Dass Telegram in bestimmten Kreisen so beliebt ist, liegt maßgeblich an dem Versprechen, dass Telegram wenig moderierend eingreift und keine Daten weitergibt. Auf anderen Plattformen müssen Nutzer*innen davon ausgehen, dass bestimmte Inhalte gelöscht und unter Umständen strafrechtlich verfolgt werden. Nicht so bei Telegram - dort kann von Drogenhandel bis Rechtsextremismus fast alles ungehindert stattfinden.
"Weil andere Plattformen gelöscht haben, zum Beispiel Querdenken-Gruppierungen aber auch bestimmte - auch antisemitische - Narrative, hat man sich dort [bei Telegram] gefunden. Und durch Funktionen wie Weiterleitungen, die es eben auf Telegram gibt, ging es relativ schnell, dass sich auch 'andere Kanäle' sehr sehr schnell vergrößern konnten, in einer Weise, die man auf anderen Plattformen so nicht sehen kann." - Karolin Schwarz
Seit Beginn der Pandemie sind nach und nach immer mehr Menschen bei Telegram gelandet, die Infrastrukturen gab es aber bereits zuvor und die App spielt nicht erst seit Beginn der Pandemie eine Rolle in diesen Kreisen.

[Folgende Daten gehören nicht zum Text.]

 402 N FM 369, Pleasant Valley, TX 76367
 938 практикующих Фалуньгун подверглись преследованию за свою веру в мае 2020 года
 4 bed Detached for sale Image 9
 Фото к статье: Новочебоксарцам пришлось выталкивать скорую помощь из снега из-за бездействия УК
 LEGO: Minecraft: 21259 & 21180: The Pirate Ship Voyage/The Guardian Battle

"Man sieht das immer wieder, dass die Politik, teilweise aber auch Sicherheitsbehörden und die Gesellschaft, diesen Entwicklungen etwas hinterherrennen und dass das dazu führt, dass wir neue Entwicklungen auch gar nicht so richtig antizipieren können, weil wir in der Debatte manchmal eben ein Jahr, zwei Jahre, drei Jahre hinterherhängen." - Karolin Schwarz
Auch auf Twitter hat sich Karolin vor kurzem dazu geäußert:
Journalistische Beiträge über Telegram, in denen es heißt, deutschsprachige Rechtsextreme und Verschwörungsideologen seien seit 2020 erst vermehrt zu Telegram gewandert. Es lässt sich leicht recherchieren, dass das so nicht stimmt.

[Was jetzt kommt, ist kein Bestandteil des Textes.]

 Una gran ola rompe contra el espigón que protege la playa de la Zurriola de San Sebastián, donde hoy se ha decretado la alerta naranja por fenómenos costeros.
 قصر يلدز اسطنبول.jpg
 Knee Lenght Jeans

Telegram ist aktuell quasi ein rechtsfreier Raum und das liegt nicht nur daran, dass die Regierung die Auswirkungen von Telegram unter Umständen zu lange unterschätzt hat. Denn eigentlich gilt in Deutschland das sogenannte Netzwerkdurchsetzungsgesetz (NetzDG), dass Nutzer*innen von sozialen Netzwerken mehr Rechte zusichert und es erleichtert, rechtswidrige Kommentare und Postings bei den Anbietern zu melden. Das Problem ist aber: Telegram gilt als Messenger - also als bloße App zum Chatten - und nicht als soziales Netzwerk. Deswegen greift das NetzDG aktuell nicht. Aus Sicht des Bundesamtes der Justiz ist Telegram aber ein soziales Netzwerk und auch Karolin Schwarz findet die Einordnung als Messenger-Dienst falsch:
"Wenn man sich einige Funktionalitäten anguckt wie eben diese Kanäle aber auch die riesengroßen Gruppen, dann hat das nichts mehr mit einem Messenger zu tun, wie wir das von Signal oder WhatsApp kennen. Ich glaube das ist wichtig bei der Einordnung. Man kann Telegram nicht wie WhatsApp oder den Facebook Messenger behandeln." - Karolin Schwarz
Außerdem ergänzt sie, dass selbst der Telegram-Gründer Pawel Durow seine App in der Vergangenheit mit Twitter verglichen hat. Das Bundesamt für Justiz hat Telegram deswegen im April aufgefordert, das NetzwerkDG durchzusetzen und im Juni einen Bußgeldbescheid ausgestellt, weil die Plattform nicht reagiert hatte. Allerdings ist auch nicht bekannt, wo Telegram sitzt (unter Umständen irgendwo in Dubai) weswegen weitere Schritte schwer durchzusetzen sind.
Wenn Telegram auch in Zukunft nicht mit der Bundesregierung kooperiert, steht als letzte Option auch im Raum, Telegram lokal zu sperren.
Karolin Schwarz ist allerdings klar gegen eine solche Sperrung. Sie sagt, dass viele Menschen Telegram eben auch als Kommunikationsmittel nutzen, ohne Hass oder Verschwörungen zu verbreiten und eine Löschung deswegen ein Eingriff wäre, der so nicht zu rechtfertigen ist. Um Telegram in Deutschland zu einer sicheren Plattform zu machen, braucht es andere Schritte: Zum Beispieltransparente Regeln und einen Zustellungsbevollmächtigten im Rahmen des NetzwerkDGs. Außerdem muss über die teilweise fehlende Rechtsdurchsetzung in Deutschland gesprochen werden, die vor allem in der Überlastung der Gerichte begründet ist.